Karenanya mari jaga rapat redaksi tim media sosial dari godaan setan yang terkutuk,” kata pengamat media sosial dari Komunikonten (Institut Media Sosial dan Diplomasi), Hariqo Wibawa Satria dalam diskusi bertajuk ‘Peran Jurnalis dan Warganet Mencegah Kampanye Hitam dan Politisasi SARA di Pilkada Serentak 2018 guna Menjaga Persatuan NKRI’ di di kantor Trenzing, Jalan Guntur No. 9, Kota Bogor, kemarin.
Hadir pula sebagai pembicara yakni Gebril Daulay (tenaga ahli KPU RI), Yophiandi Kurniawan (praktisi media), dan Ridwan Budiman (pegiat literasi media).
Hariqo juga mengimbau agar setiap konten yang diproduksi oleh tim sukses diberikan identitas atau kode tertentu, sehingga masyarakat dapat menilai, media sosial mana yang paling inovatif dan kreatif dalam mengkampanyekan kandidatnya di Pilkada serentak 2018.

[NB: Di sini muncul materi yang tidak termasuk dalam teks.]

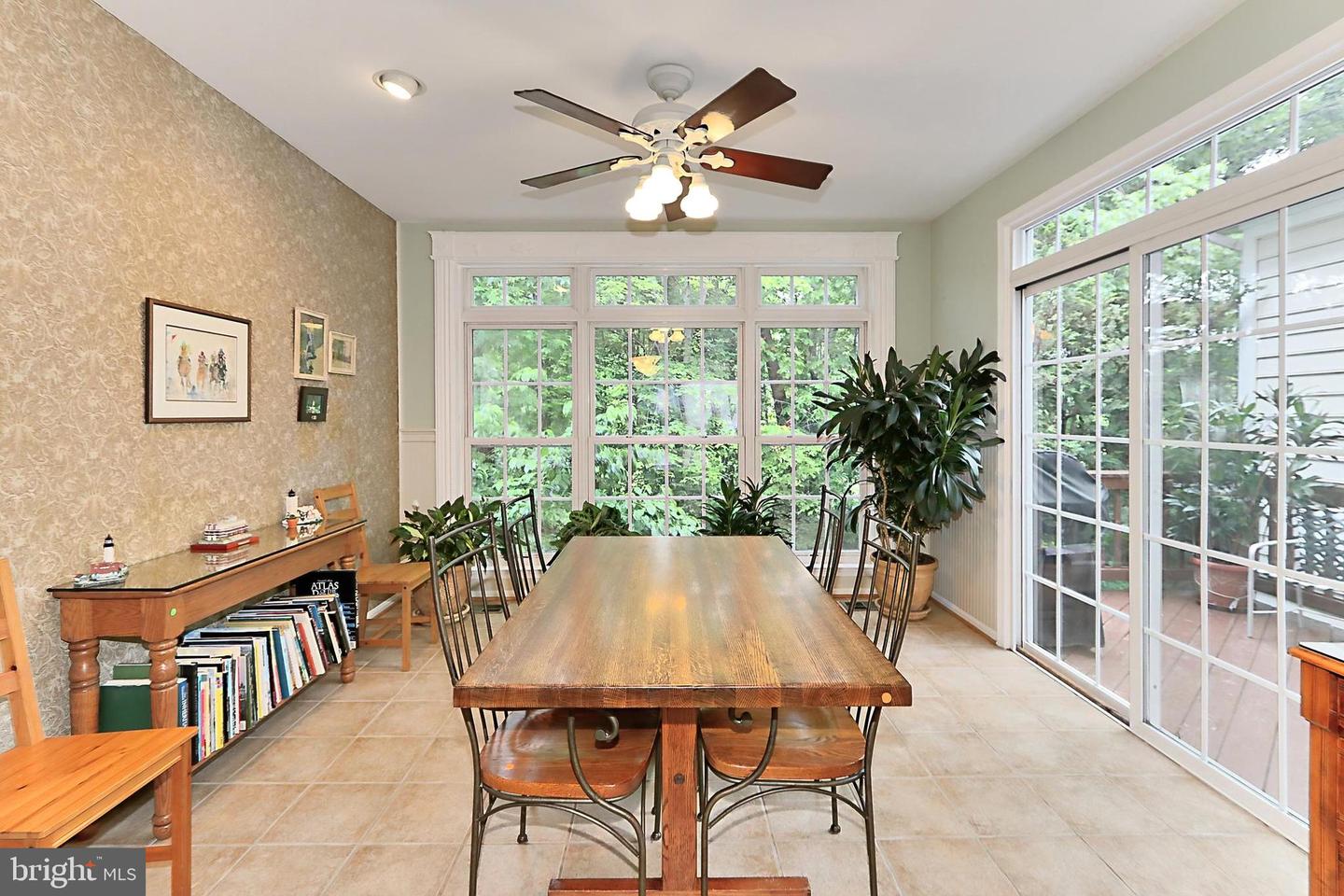 5591 GOVERNORS POND CIR, ALEXANDRIA, Virginia 22310, 3 Bedrooms Bedrooms, ,3 BathroomsBathrooms,Residential,For sale,5591 GOVERNORS POND CIR,VAFX2238118 MLS # VAFX2238118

Para kandidat harus sadar bahwa konten fitnah, hoax yang dilakukan tim medianya tidak akan memenangkan dirinya. Kampanye hitam bukan saja mendekatkan pelakunya ke neraka, tapi juga bisa berujung penjara,” ujar Hariqo.
Hariqo menambahkan, ada 17 provinsi, 39 kota, dan 115 kabupaten yang akan melaksanakan Pilkada Serentak tahun ini. Semua kandidat tentunya memiliki tim media. Karena jangan sampai ada konten yang merusak keutuhan NKRI.
“Setiap tim media sosial kandidat dalam Pilkada Serentak 2018 harus berkompetisi memenangkan kandidatnya, itu pasti. Namun tim media sosial kandidat juga harus berkolaborasi menjaga keutuhan NKRI dengan melawan kampanye hitam dan politisasi SARA, tidak hanya saat Pilkada namun sampai kapanpun,” tegasnya.
“Pilkada serentak lebih dari sekadar ujian berdemokrasi, namun juga ujian dalam berbangsa dan bernegara,” tambah Hariqo yang juga sebagai Direktur Eksekutif komunikonten ini.
Sementara itu, Yophiandi mengatakan, pembuat konten media sosial saat ini banyak yang kreatif. Karenanya optimalkan potensi positif dan kreatif anak muda, bukan dengan menjerumuskan mereka dengan melakukan kampanye hitam.
“Setidaknya ada tiga karakteristik orang Indonesia terkait media dan informasi. Pertama, kurang mencerna informasi. Kedua, kurang berpendidikan tapi cepat menelan informasi. Ketiga, berpendidikan namun kurang mencerna informasi,” paparnya.
Ridwan menyebutkan, pemilih pemula pada Pilkada serentak 2018 nanti kurang lebih 10,6 juta dari total 160 juta DPT secara keseluruhan di 171 daerah yang menyelenggarakan. Mereka punya kemungkinan besar menjadi korban hoax. Terlebih, jika konten hoax tersebut disebarkan oleh orang terdekatnya, baik itu orangtua, kakak, adik, teman, bahkan pacarnya.
“10,6 juta itu adalah generasi masa depan Indonesia, konten-konten yang diproduksi saat Pilkada Serentak 2018 harus mampu membuat mereka terdidik dan bangga jadi orang Indonesia,” tegas Ridwan.(Rostani).